6. On a query by this Court, learned counsel submits that no objection petition under Section 34 of the Arbitration & Conciliation Act, 1996 was ever filed against the award which was passed by the Arbitrator on 12.06.2018.

7. So far as the observations and the conclusions drawn by the sole arbitrator is concerned, keeping in view the fact that the award was never challenged, has become final and binding upon the appellant. EX.F.A. 19/2023 3

8. The appeal which has now been filed against the impugned order dated 25.02.2023 is unsustainable in law for the reason that when the objection has never been raised against the original award, the appellant is not permitted to raise any objection to the execution of a decree arising therefrom.

9. The aforesaid view taken by this Court is consistent with a view taken by the Coordinate Benches of this Court in the case of Morgan Securities & Credits Pvt. Ltd. vs. Morepen Laboratories Ltd. & Anr. reported in 2006 SCC Online Del 774 whereby in the penultimate para 22, the learned Single Judge of this Court had framed a question, in that, whether the judgment debtors could challenge the award in the execution proceedings having not filed a petition under Section 34 of the Arbitration & Conciliation Act, 1996. Answering the aforesaid question, the learned single Judge held that such a course of conduct cannot be permitted as it would amount to permitting the judgment debtors to do something indirectly which it could not have done directly. The rationale behind that appears to be that the challenge under Section 34 of the Act not having been taken up, permitting the judgment debtor to raise the same issue under the garb of objections to the of execution petition, would amount to re-considering the issues which were never raised under the valid provision of law and that would be impermissible in law.
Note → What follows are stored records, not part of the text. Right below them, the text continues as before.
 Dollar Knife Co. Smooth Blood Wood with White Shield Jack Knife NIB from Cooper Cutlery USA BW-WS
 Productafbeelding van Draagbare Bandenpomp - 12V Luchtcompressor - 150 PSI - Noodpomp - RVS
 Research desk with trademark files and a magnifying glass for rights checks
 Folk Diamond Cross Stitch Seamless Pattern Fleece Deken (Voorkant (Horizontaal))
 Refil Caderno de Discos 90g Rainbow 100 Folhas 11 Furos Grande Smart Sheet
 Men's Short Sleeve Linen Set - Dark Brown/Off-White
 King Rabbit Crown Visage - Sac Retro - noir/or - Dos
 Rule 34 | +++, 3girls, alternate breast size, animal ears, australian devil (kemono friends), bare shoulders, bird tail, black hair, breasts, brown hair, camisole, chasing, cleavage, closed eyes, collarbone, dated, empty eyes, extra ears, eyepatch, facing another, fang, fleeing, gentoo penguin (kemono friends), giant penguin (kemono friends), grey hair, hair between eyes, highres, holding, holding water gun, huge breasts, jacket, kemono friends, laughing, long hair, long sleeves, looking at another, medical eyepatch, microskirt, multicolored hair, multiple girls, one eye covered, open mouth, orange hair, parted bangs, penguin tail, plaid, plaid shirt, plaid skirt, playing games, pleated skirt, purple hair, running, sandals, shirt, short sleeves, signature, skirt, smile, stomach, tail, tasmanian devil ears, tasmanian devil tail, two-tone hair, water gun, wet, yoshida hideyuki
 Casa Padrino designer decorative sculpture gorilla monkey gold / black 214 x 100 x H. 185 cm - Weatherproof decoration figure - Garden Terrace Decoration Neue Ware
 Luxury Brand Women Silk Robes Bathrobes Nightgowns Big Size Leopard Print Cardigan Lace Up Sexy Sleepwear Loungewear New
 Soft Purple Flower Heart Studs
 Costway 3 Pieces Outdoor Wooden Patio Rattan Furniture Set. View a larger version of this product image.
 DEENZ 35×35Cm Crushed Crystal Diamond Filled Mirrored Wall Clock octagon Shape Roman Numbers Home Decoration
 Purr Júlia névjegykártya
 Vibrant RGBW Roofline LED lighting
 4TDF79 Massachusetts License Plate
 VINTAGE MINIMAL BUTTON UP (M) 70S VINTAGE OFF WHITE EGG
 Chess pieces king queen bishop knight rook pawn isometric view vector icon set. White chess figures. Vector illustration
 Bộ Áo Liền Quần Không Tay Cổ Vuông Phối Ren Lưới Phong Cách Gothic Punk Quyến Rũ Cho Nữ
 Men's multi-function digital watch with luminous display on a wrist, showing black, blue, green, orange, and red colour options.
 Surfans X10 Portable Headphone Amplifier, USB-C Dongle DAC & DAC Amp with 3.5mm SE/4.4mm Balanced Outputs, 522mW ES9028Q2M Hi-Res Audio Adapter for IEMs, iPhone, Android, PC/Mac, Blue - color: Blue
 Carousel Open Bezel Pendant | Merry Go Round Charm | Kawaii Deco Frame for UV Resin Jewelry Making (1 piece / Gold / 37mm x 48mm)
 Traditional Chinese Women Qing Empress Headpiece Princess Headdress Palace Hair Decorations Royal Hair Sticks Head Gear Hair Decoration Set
10. The other judgment of the learned Coordinate Bench of this Court was rendered in Hindustan Zinc Ltd. Vs. National Research Development Corporation reported in 2023 SCC OnLine Del 330, while upholding the principles laid down in the Morgan Securities EX.F.A. 19/2023 4 (supra) reiterated the same ratio and settled the law on that subject.

11. This Court is in complete and in respectful concurrence of the ratio so laid down by the two aforesaid judgments. It cannot be fathomed nor countenanced to see a party whose right to object to the award had crystalized after the passing of the award and limited by the provision of Section 34 of the Arbitration & Conciliation Act, 1996 and not having objected under Section 34 of the Act cannot by way of an objection in execution petition be permitted to object and delay the execution proceedings.

12. In view of the aforesaid and applying the same ratio in the present case, the issue as to whether there was any document or proof or a quantification available with the Arbitrator or the executing Court would become irrelevant and pale into insignificance.

13. Accordingly, the appeal is dismissed with no order as to costs.

14. Pending applications also stand disposed of.